I have seen this first hand and I think that the whole story should be gotten before dealing out a verdict. These parents didn’t even see the film. They all thought that the film was about a killer Santa. Even when they were given the facts, they still protested the film for the same reasons as before. They “won” because the film was pulled from theaters, but lost because the film was a huge hit on VHS and cable, where ANYONE could watch it.
So, is the film any good? I think it is. The performances are all good, especially that of Lilyan Chauvin, who plays Mother Superior. She comes across as a tyrant who really wants to see these kids succeed. Chauvin brings so much more to the character than the filmmakers even thought of, and while she is the “villain” of the film, she is more of a human that has a different way of seeing things than others do. It is clear that Billy suffers from some kind of mental illness and the 80’s were not kind to those who had mental illnesses, so what Mother Superior is doing to Billy seems like the right thing to do in her mind. If this film were to take place now, the Mother Superior character would be a lot different.
The gore in the film is good but could have been better. There are a couple of gags that stand out like girl impaled on the deer antlers and the sledder who loses his head (I am here all night.), but the rest of the gore gags feel cheap, probably because they were. As slasher films were getting more inventive with their gore, Silent Night, Deadly Night seems to be stuck in the time right before the slasher boom of the 80’s. There is a lot of nudity that will help you to get through some of the crappier gore effects.
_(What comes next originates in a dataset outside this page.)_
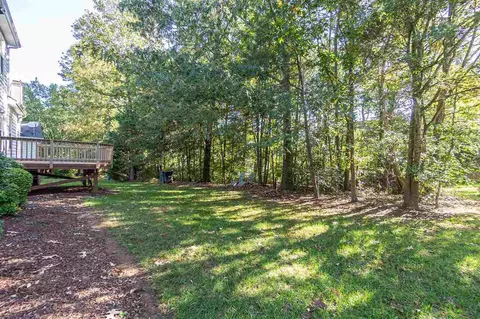 4 Avonlea Ct, Durham, NC 27713 photo 29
In the end, Silent Night, Deadly Night is a good slasher that got a bum rap for a bit before gaining its infamous status. The film is well directed and acted and shouldn’t have received the bashing that it got from not only parents but critics as well. Sure, the film isn’t a classic like Friday the 13th or Halloween are, but it deserves to be in the same room as them. It is a down and dirty slasher that could have used better effects but gets a lot right. Plus the film is a fun watch.
SummarySilent Night, Deadly Night is a fun, sleazy horror film that doesn't take itself too seriously and is a blast to watch. The performances are all good and the direction is good for the most part. I would say that SNDN is one of the better slasher films to comes oout of the during the slasher boom and is worth checking out.
The blu-ray, from Scream Factory, is wonderful. The picture is stunning except for the shots/scenes that have no film elements anymore. There Scream Factory did what they could to match the footage with the 4K footage and they should be commended for their work. The sound is great and the special features are worth watching. If you are a fan of slasher films or a fan of this film, you owe it to yourself to buy this. You will not be disappointed.